BEGIN Information provided

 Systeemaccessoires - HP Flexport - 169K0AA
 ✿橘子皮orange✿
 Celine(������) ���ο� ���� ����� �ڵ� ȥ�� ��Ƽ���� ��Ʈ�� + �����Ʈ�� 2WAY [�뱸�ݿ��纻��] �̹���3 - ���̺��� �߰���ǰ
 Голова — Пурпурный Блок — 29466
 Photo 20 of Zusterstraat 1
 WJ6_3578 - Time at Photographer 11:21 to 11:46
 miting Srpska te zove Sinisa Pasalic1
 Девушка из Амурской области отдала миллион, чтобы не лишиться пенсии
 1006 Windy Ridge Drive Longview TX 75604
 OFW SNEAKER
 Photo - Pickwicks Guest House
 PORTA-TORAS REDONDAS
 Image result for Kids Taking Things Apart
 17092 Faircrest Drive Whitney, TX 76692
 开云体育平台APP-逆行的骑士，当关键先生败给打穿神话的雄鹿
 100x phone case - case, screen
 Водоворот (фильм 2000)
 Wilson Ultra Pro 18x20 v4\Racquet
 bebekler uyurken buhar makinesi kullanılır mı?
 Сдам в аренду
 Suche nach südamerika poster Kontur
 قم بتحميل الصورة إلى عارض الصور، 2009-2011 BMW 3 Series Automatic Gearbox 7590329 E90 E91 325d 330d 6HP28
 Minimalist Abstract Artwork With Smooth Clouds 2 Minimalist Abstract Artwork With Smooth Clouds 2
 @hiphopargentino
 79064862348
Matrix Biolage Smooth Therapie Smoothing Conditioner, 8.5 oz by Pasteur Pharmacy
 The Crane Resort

END Information provided

▸ **Your objective**:
Pick out each line above that includes "Smooth" and show it.

▸ **Task result**:
 Minimalist Abstract Artwork With Smooth Clouds 2 Minimalist Abstract Artwork With Smooth Clouds 2
Matrix Biolage Smooth Therapie Smoothing Conditioner, 8.5 oz by Pasteur Pharmacy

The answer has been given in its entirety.